### [WHAT THIS TASK INVOLVES]
A word-for-word copy of the entries, with the images left out, is what you should write.

[Short web captions]
========================================

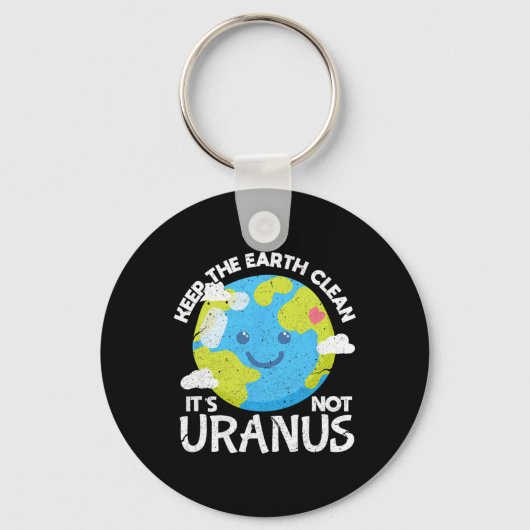 De aarde schoon houden Het is geen Uranus Funny Ea Sleutelhanger (Voorkant)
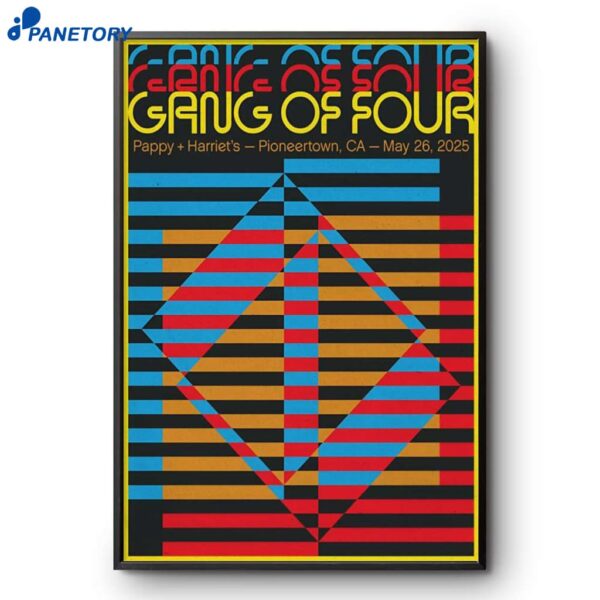 Gang Of Four Pappy & Harriet's Pioneertown CA May 26 2025 Poster
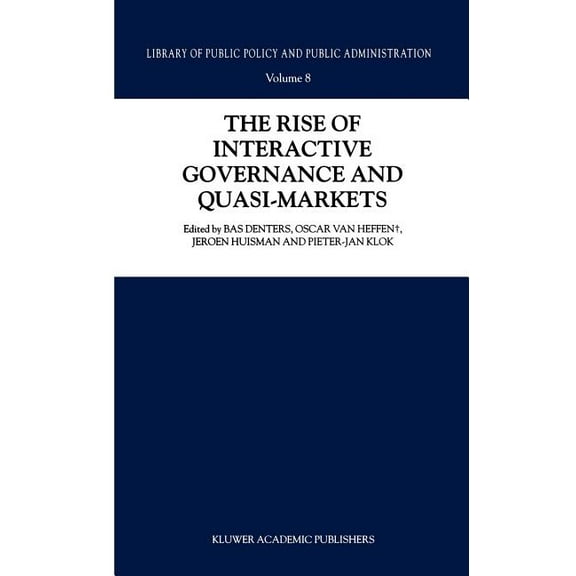 Library of Public Policy and Public Admi The Rise of Interactive Governance and Quasi-Markets, Book 8, (Hardcover)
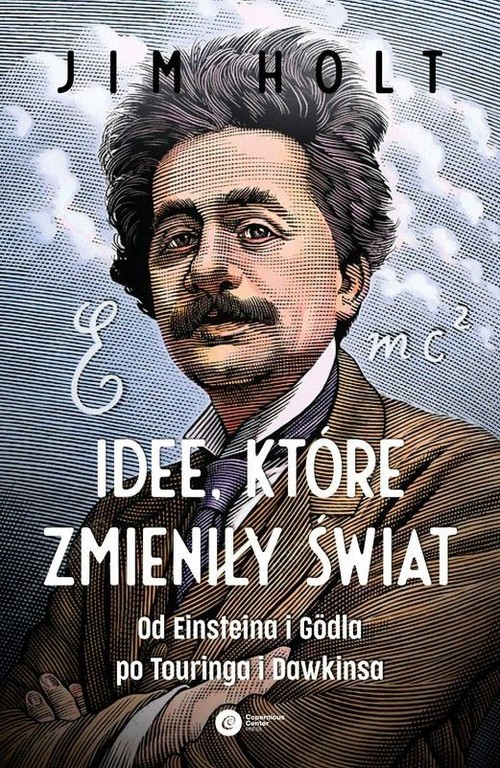 Image of Idee, które zmieniły świat Od Einsteina i Godla po Turinga i Dawkinsa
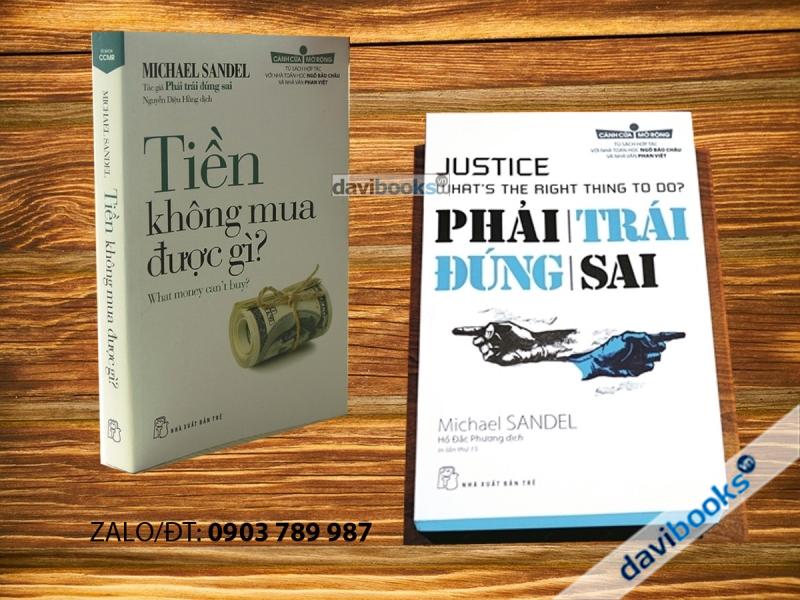 Michael Sandel: Phải Trái Đúng Sai + Tiền Không Mua Được Gì? (Bộ 2 Cuốn)
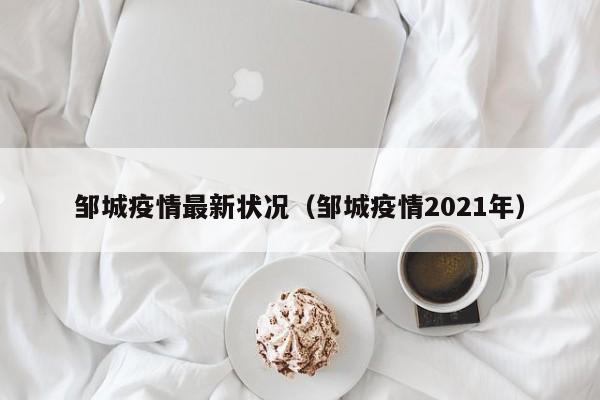 邹城疫情最新状况（邹城疫情2021年）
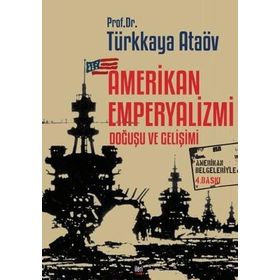 Amerikan Emperyalizmi Doğuşu Ve Gelişimi - Prof. Dr. Türkkaya Ataöv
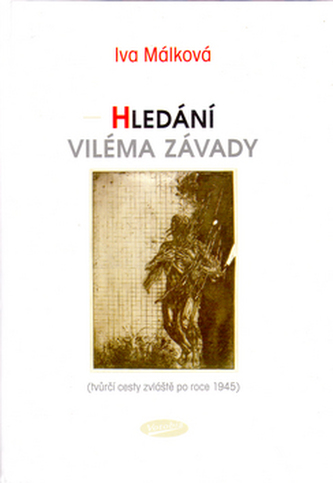 Hledání Viléma Závady : (tvůrčí cesty zvláště po roce 1945) (Iva Málková, 2003)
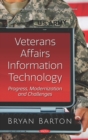 Image for Veterans Affairs Information Technology: Progress, Modernization and Challenges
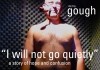 I Will Not Go Quietly <br />©  Beernuts Productions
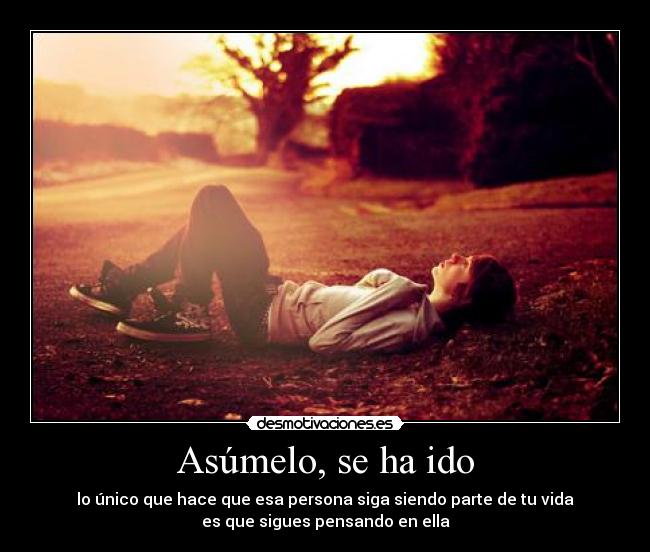 Asúmelo, se ha ido - lo único que hace que esa persona siga siendo parte de tu vida
es que sigues pensando en ella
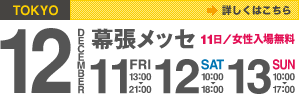 東京会場（幕張メッセ） | 12月11日（金）13:00～21:00（ナイター開催）、12日（土）10:00～18:00、13日（日）10:00～17:00 | 11日／女性入場無料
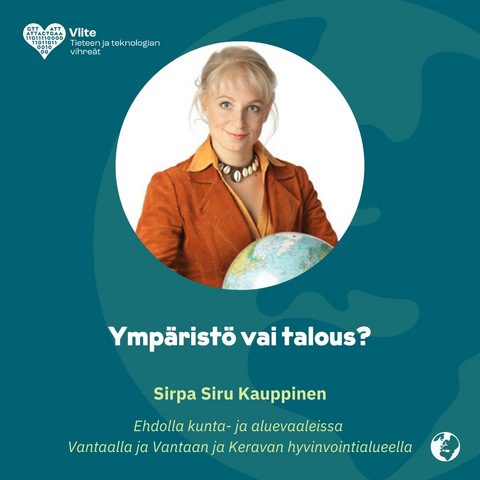 Ympäristö vai talous?

Sirpa Siru Kauppinen

Ehdolla kunta- ja aluevaaleissa Vantaalla ja Vantaan ja Keravan hyvinvointialueella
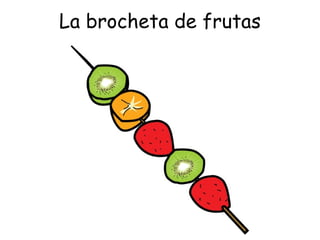 La brocheta de frutas 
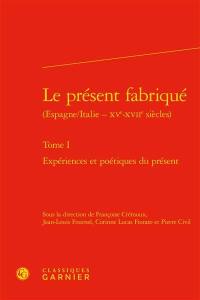 Le présent fabriqué : Espagne-Italie, XVe-XVIIe siècles. Vol. 1. Expériences et poétiques du présent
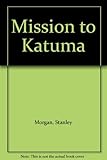 Mission to Katuma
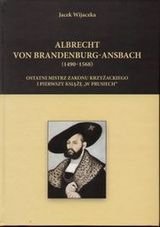 Albrecht Von Brandenburg-Ansbach (1490-1568) Wijaczka Jacek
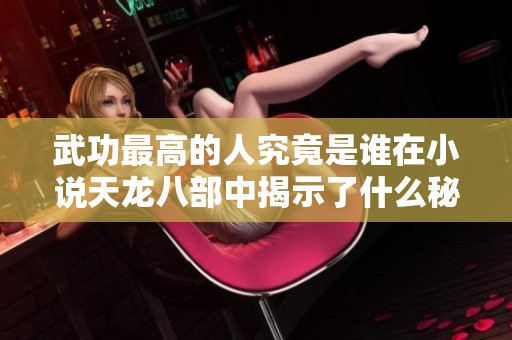 武功最高的人究竟是谁在小说天龙八部中揭示了什么秘密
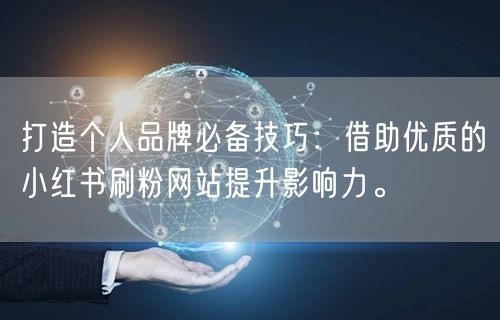 打造个人品牌必备技巧:借助优质的小红书刷粉网站提升影响力。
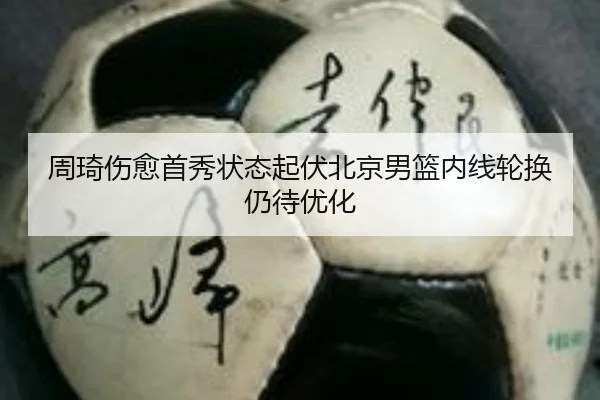 周琦伤愈首秀状态起伏北京男篮内线轮换仍待优化
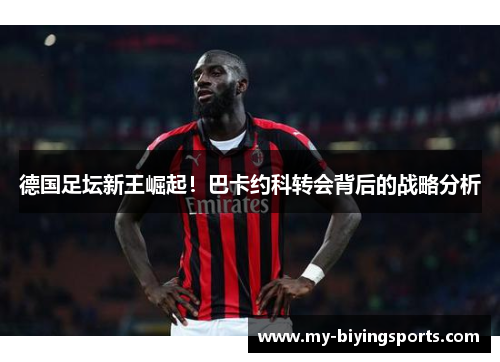 德国足坛新王崛起！巴卡约科转会背后的战略分析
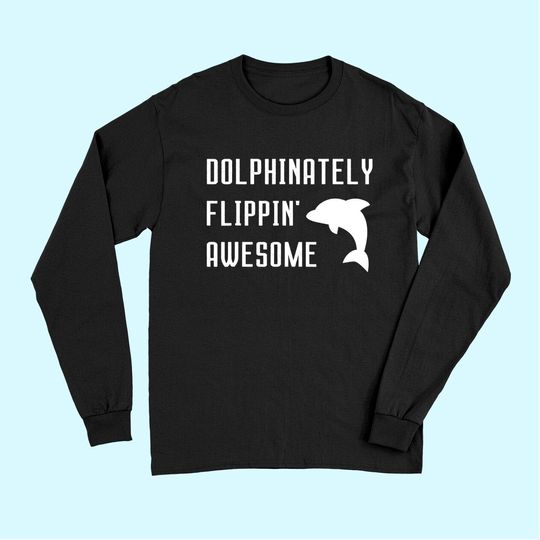 Dolphinately Flippin' Awesome Funny Dolphin Pun Joke Phrase Long Sleeves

========================================

### [RESPONSE BOX]
 De aarde schoon houden Het is geen Uranus Funny Ea Sleutelhanger (Voorkant)
 Gang Of Four Pappy & Harriet's Pioneertown CA May 26 2025 Poster
 Library of Public Policy and Public Admi The Rise of Interactive Governance and Quasi-Markets, Book 8, (Hardcover)
 Image of Idee, które zmieniły świat Od Einsteina i Godla po Turinga i Dawkinsa
 Michael Sandel: Phải Trái Đúng Sai + Tiền Không Mua Được Gì? (Bộ 2 Cuốn)
 邹城疫情最新状况（邹城疫情2021年）
 Amerikan Emperyalizmi Doğuşu Ve Gelişimi - Prof. Dr. Türkkaya Ataöv
 Hledání Viléma Závady : (tvůrčí cesty zvláště po roce 1945) (Iva Málková, 2003)
 Image for Veterans Affairs Information Technology: Progress, Modernization and Challenges
 I Will Not Go Quietly <br />©  Beernuts Productions
 Asúmelo, se ha ido - lo único que hace que esa persona siga siendo parte de tu vida
es que sigues pensando en ella
 東京会場（幕張メッセ） | 12月11日（金）13:00～21:00（ナイター開催）、12日（土）10:00～18:00、13日（日）10:00～17:00 | 11日／女性入場無料
 Ympäristö vai talous?

Sirpa Siru Kauppinen

Ehdolla kunta- ja aluevaaleissa Vantaalla ja Vantaan ja Keravan hyvinvointialueella
 La brocheta de frutas 
 Le présent fabriqué : Espagne-Italie, XVe-XVIIe siècles. Vol. 1. Expériences et poétiques du présent
 Mission to Katuma
 Albrecht Von Brandenburg-Ansbach (1490-1568) Wijaczka Jacek
 武功最高的人究竟是谁在小说天龙八部中揭示了什么秘密
 打造个人品牌必备技巧:借助优质的小红书刷粉网站提升影响力。
 周琦伤愈首秀状态起伏北京男篮内线轮换仍待优化
 德国足坛新王崛起！巴卡约科转会背后的战略分析
 Dolphinately Flippin' Awesome Funny Dolphin Pun Joke Phrase Long Sleeves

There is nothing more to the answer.